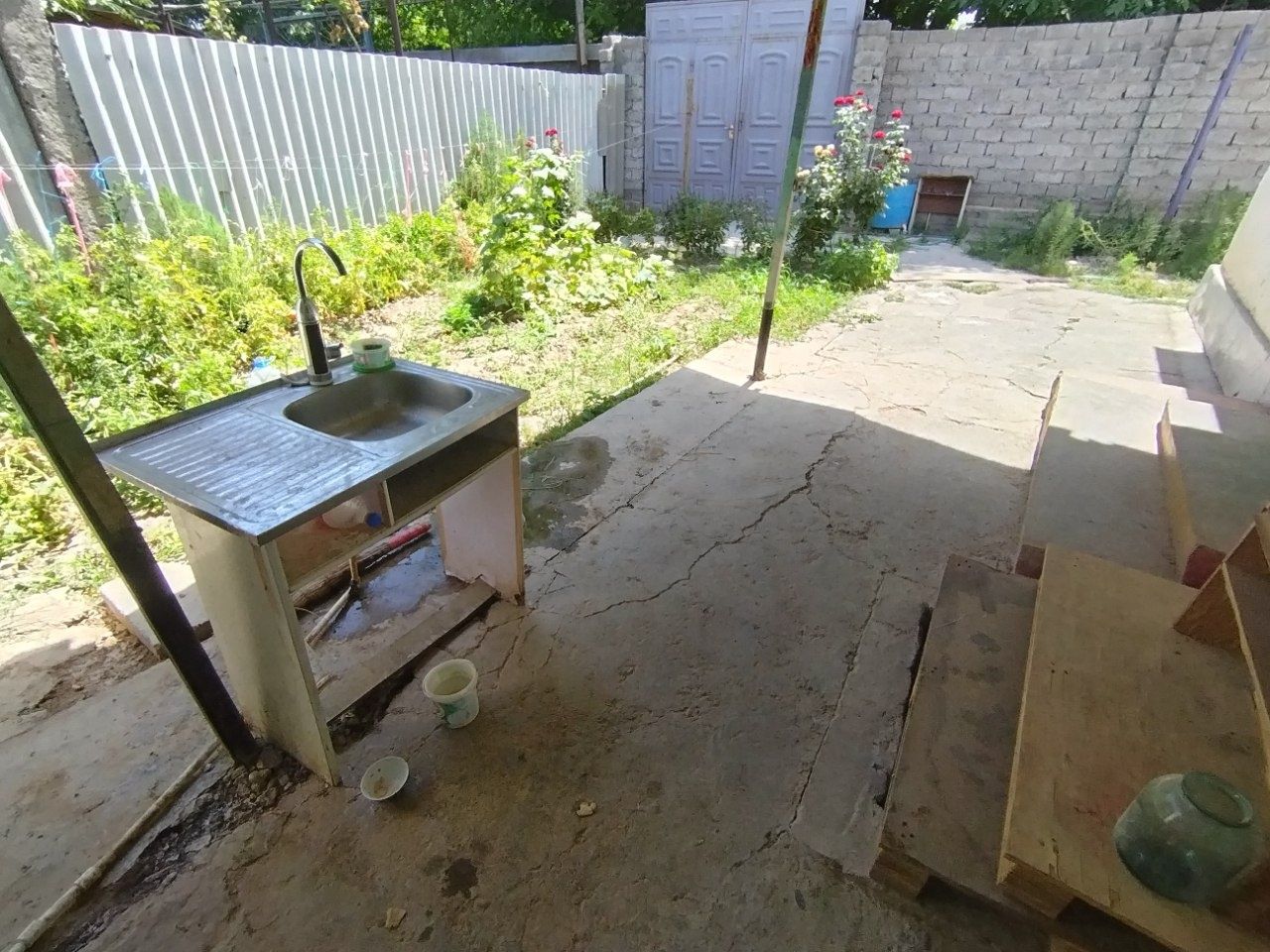 Чирчик ш. Троицк 2 сотих 4х ховли (Отопления канализация бор)
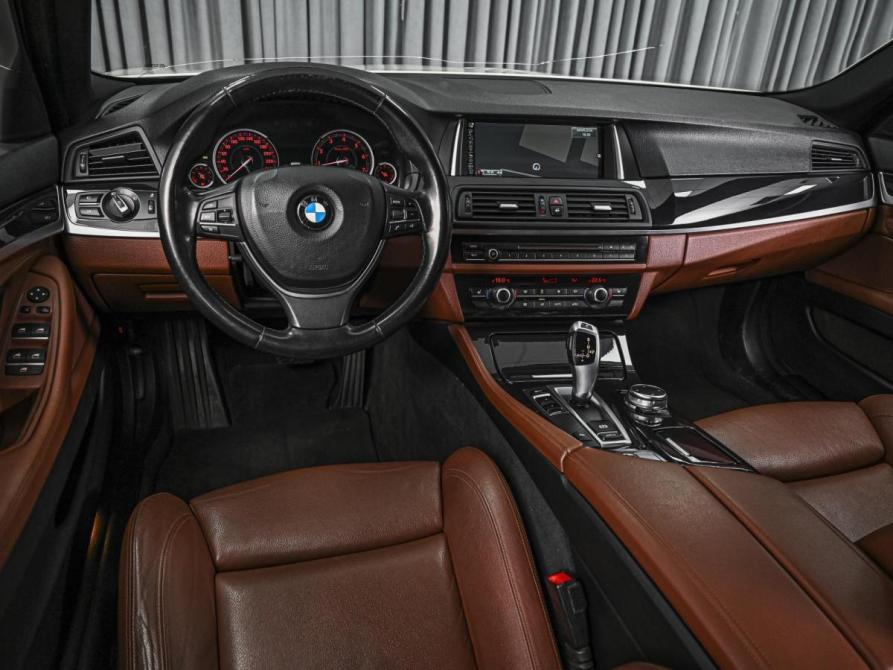 BMW 5 серии VI (F10/F11/F07) Рестайлинг Ставрополь  - изображение 6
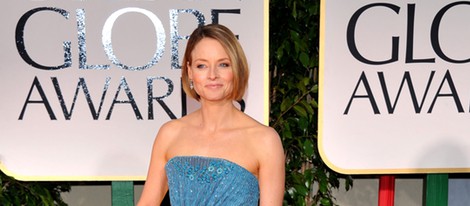 Jodie Foster en la alfombra roja de los Globos de Oro 2012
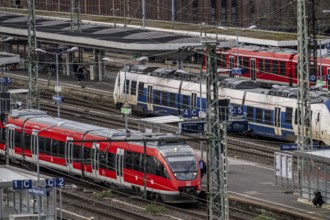 Railway station, Cologne Messe/Deutz, platforms, railway tracks Cologne, North Rhine-Westphalia,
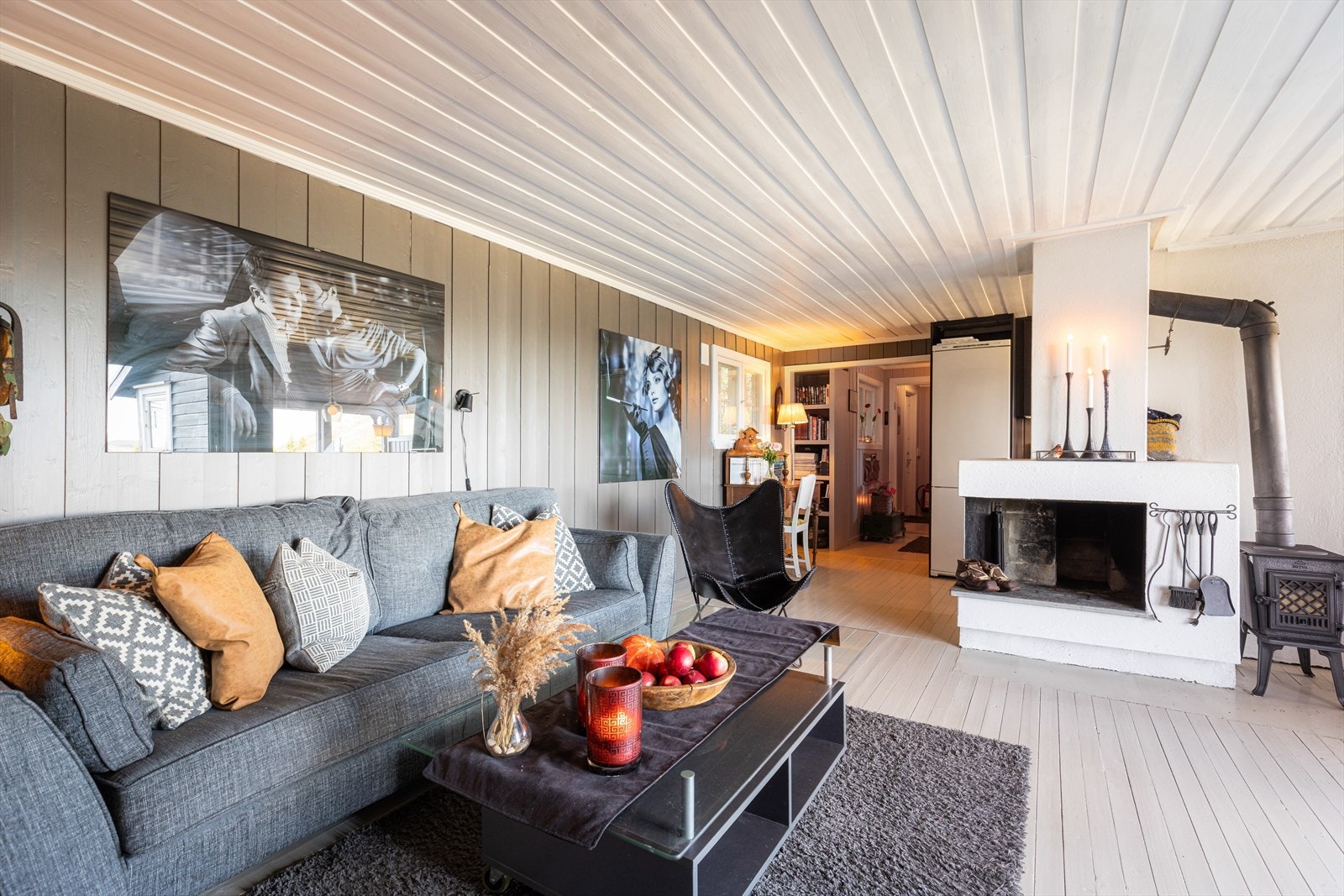Innvendige overflater består hovedsakelig av malt tregulv og malt panel på vegger, samt malt panel i tak. Hele hytta ble malt innvendig i 2019. Galleribilde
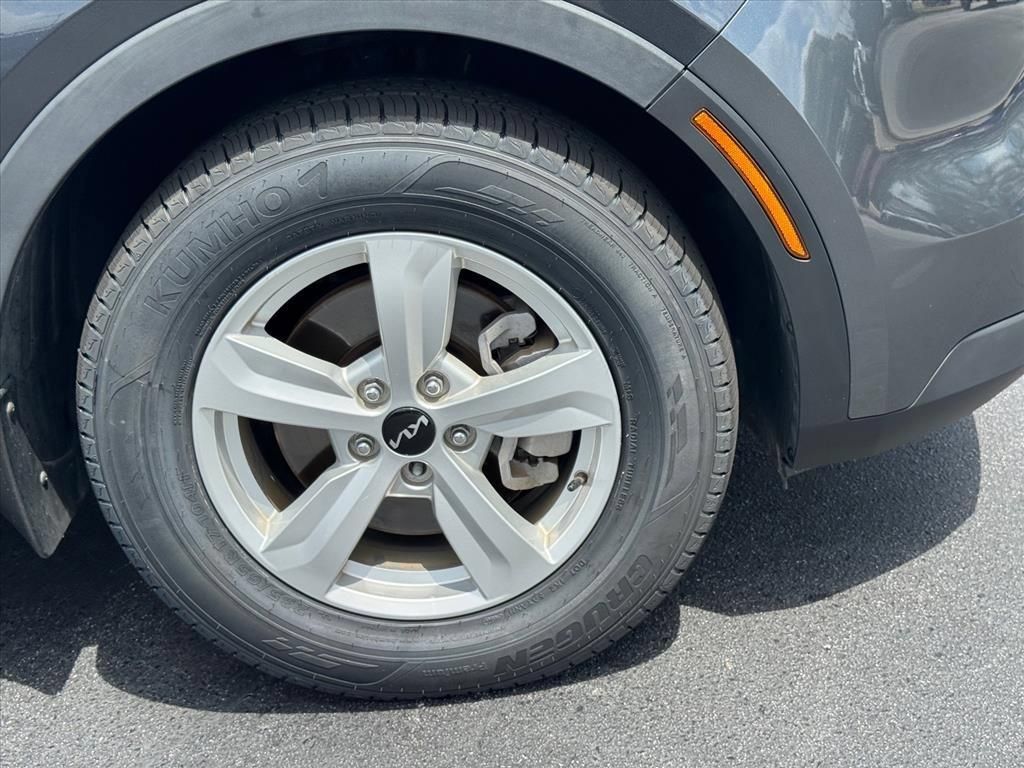 Certified 2023 Kia Sorento LX FWD image 9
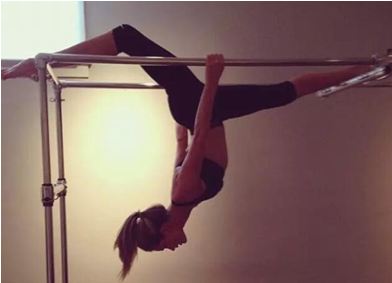 她们相差23岁,他们相差16岁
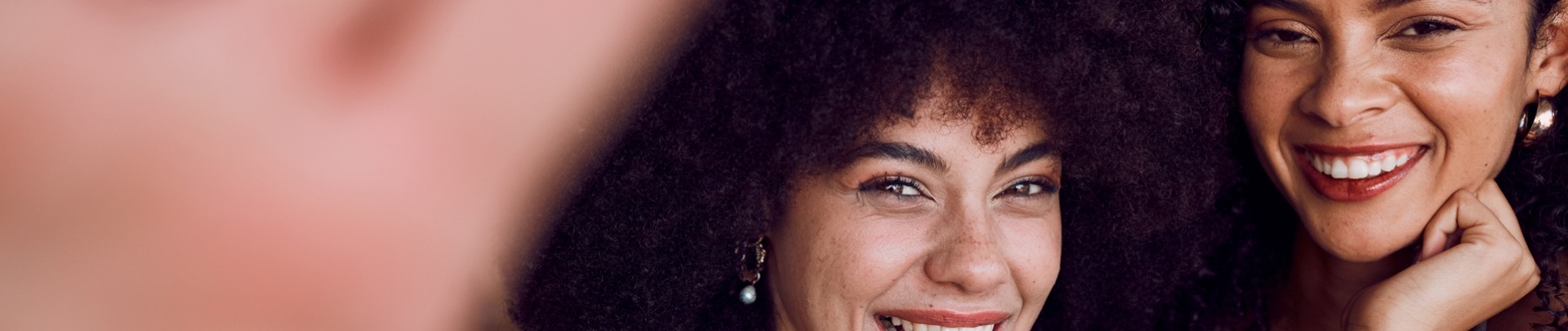 Twee vrouwen die samen lachen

☆ ☆ ☆ ☆ ☆ ☆ ☆

→ What you need to do
Give back all of the data exactly, but not the pictures.

→ Task answer
 Чирчик ш. Троицк 2 сотих 4х ховли (Отопления канализация бор)
 BMW 5 серии VI (F10/F11/F07) Рестайлинг Ставрополь  - изображение 6
 Jodie Foster en la alfombra roja de los Globos de Oro 2012
 Railway station, Cologne Messe/Deutz, platforms, railway tracks Cologne, North Rhine-Westphalia,
Innvendige overflater består hovedsakelig av malt tregulv og malt panel på vegger, samt malt panel i tak. Hele hytta ble malt innvendig i 2019. Galleribilde
 Certified 2023 Kia Sorento LX FWD image 9
 她们相差23岁,他们相差16岁
 Twee vrouwen die samen lachen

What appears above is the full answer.